> [Exercise details]: Extract exactly and only the lines from the one containing "سرير اطفال +ناموسية" through the end of the entries below. Pictures should not appear in the copy.

> [Data listing]:
==*==

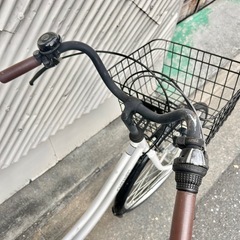 自転車 6段 変速 ギア 26インチ 街乗り 町乗り ママチャリ シティサイクル カゴ付き ライト付き 白 ホワイトの画像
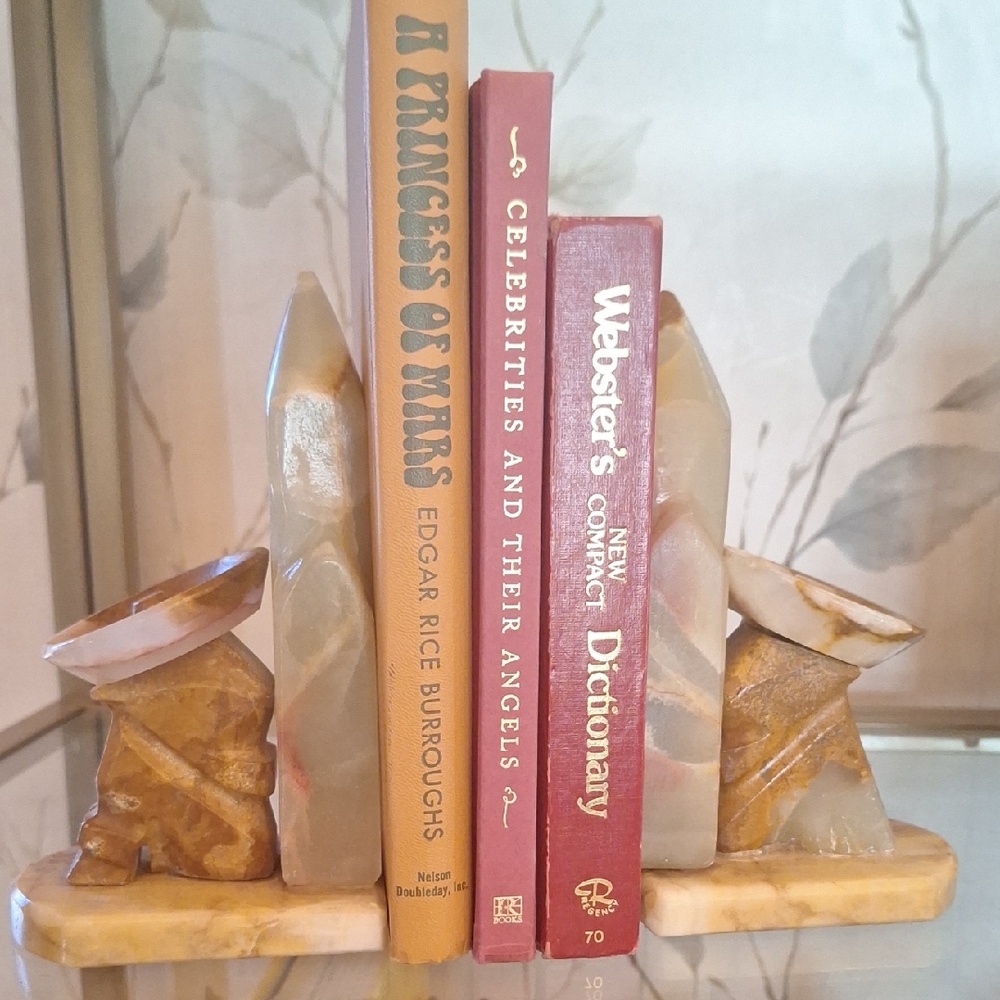 ONYX Vintage Bookends
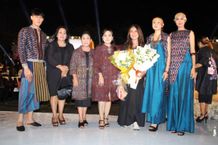 The Earthysian, Karya Desainer Kota Denpasar Tampil Memukau di Fashion Show ‘Adi Warna Wastra Loka’ Bali Fashion Show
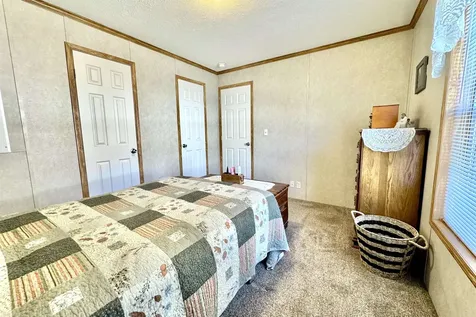 62 Mobile Drive Hudson NH 03051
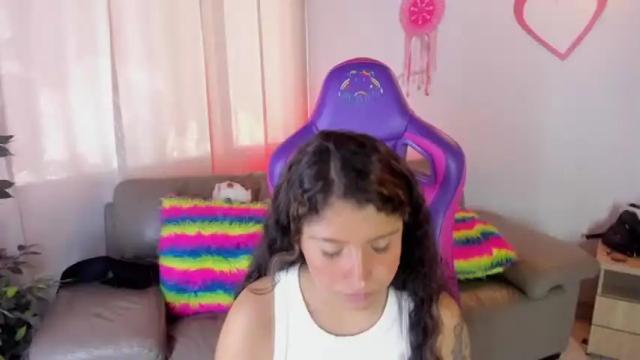 Image 12 of valery_diiaz_ Stream on Chaturbate on 17 months ago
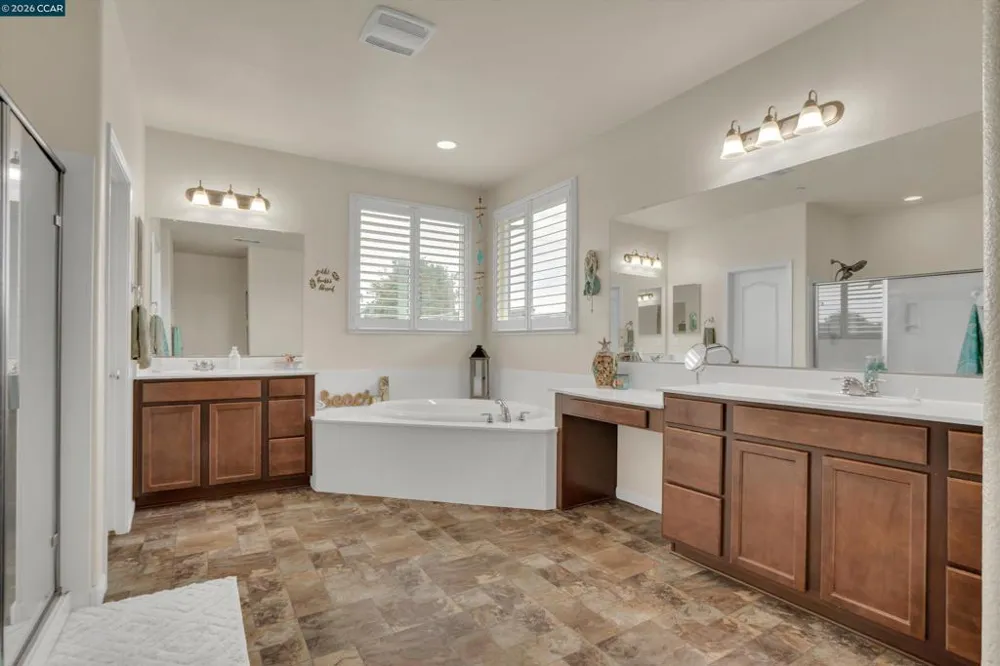 816 Pathfinder Oakley, CA 94561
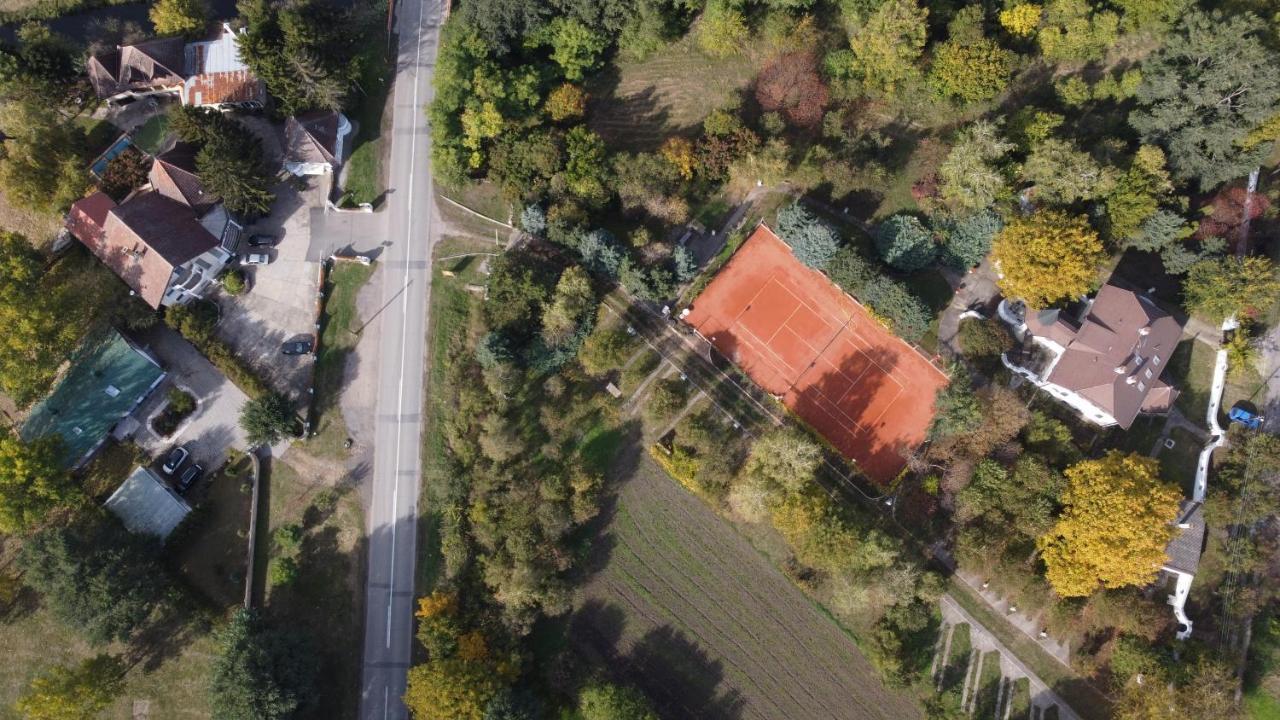 B&B Villa Pipacs Feketić Eksteriør billede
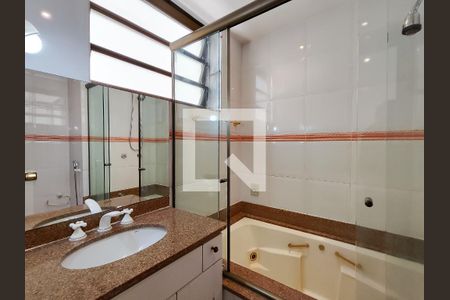 Apartamento à venda com 114m², 3 quartos e 1 vagaBanheiro da Suíte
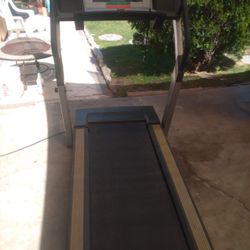 Treadmill 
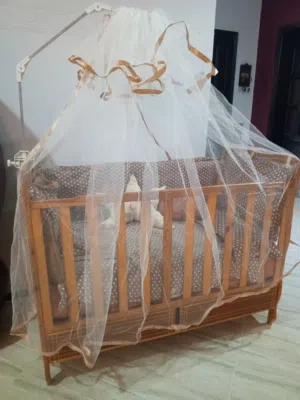 سرير اطفال +ناموسية
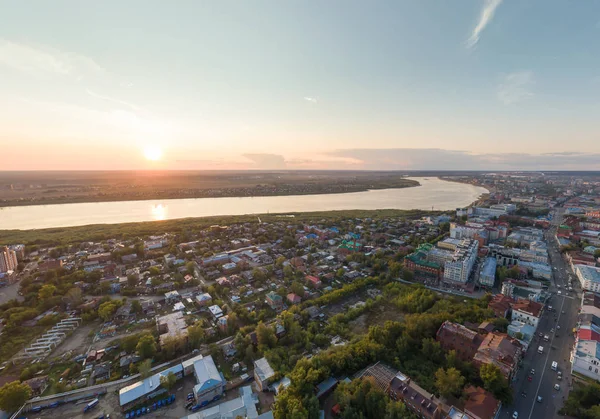 Veduta aerea della città di Tomsk e del fiume Tom, Russia. Estate, sera, tramonto — Foto Stock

==*==

> [Solved problem]:
 سرير اطفال +ناموسية
 Veduta aerea della città di Tomsk e del fiume Tom, Russia. Estate, sera, tramonto — Foto Stock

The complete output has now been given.